Could you retype the lines below, starting at the line holding "Luxury Lodge With" and stopping at the line holding "37 Hillside Circuit, Chermside West QLD 4032", inclusive? Copy them exactly and drop the images.
══ Exercise inputs
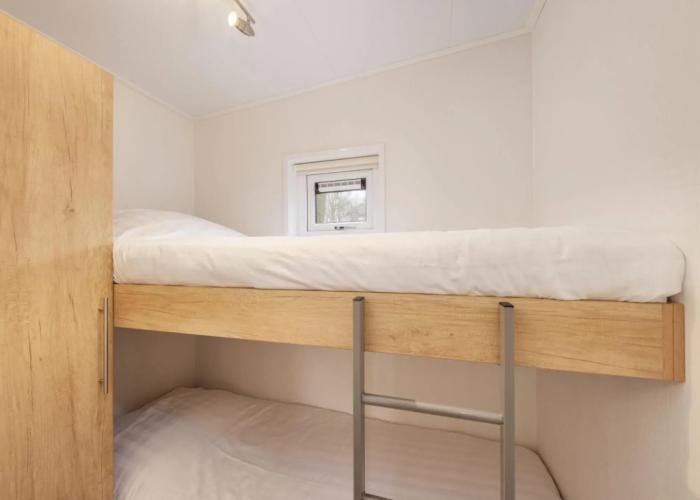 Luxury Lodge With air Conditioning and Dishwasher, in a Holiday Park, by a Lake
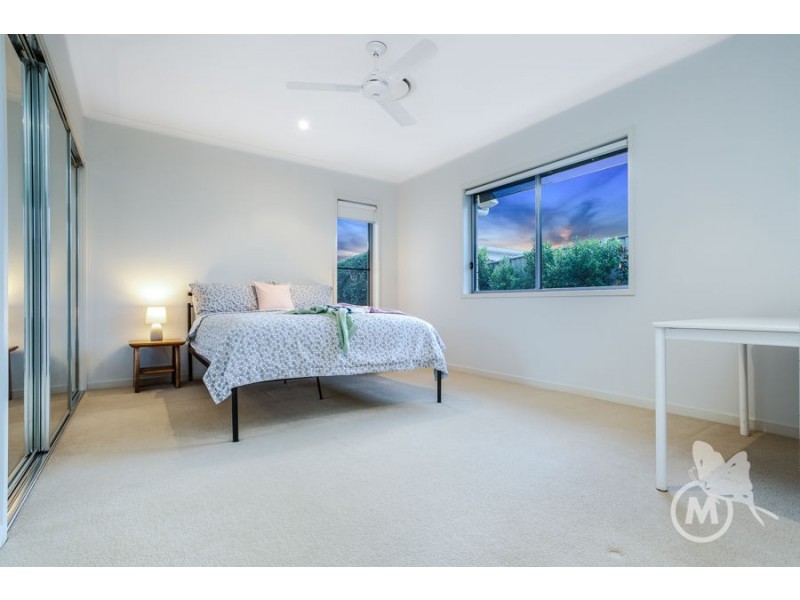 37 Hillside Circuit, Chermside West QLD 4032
════
══ Exercise inputs
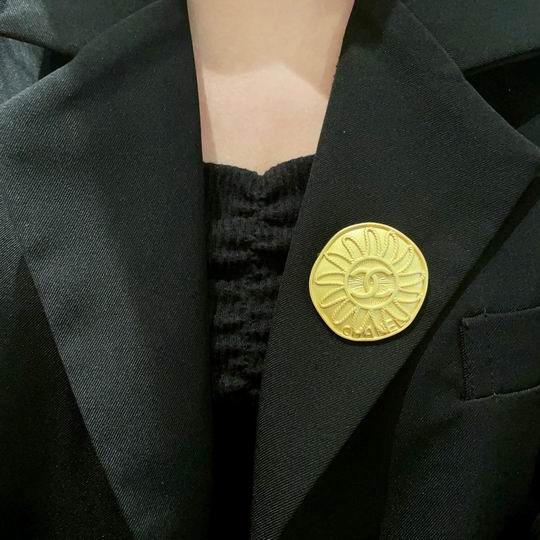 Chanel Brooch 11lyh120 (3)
════
Reply
 Luxury Lodge With air Conditioning and Dishwasher, in a Holiday Park, by a Lake
 37 Hillside Circuit, Chermside West QLD 4032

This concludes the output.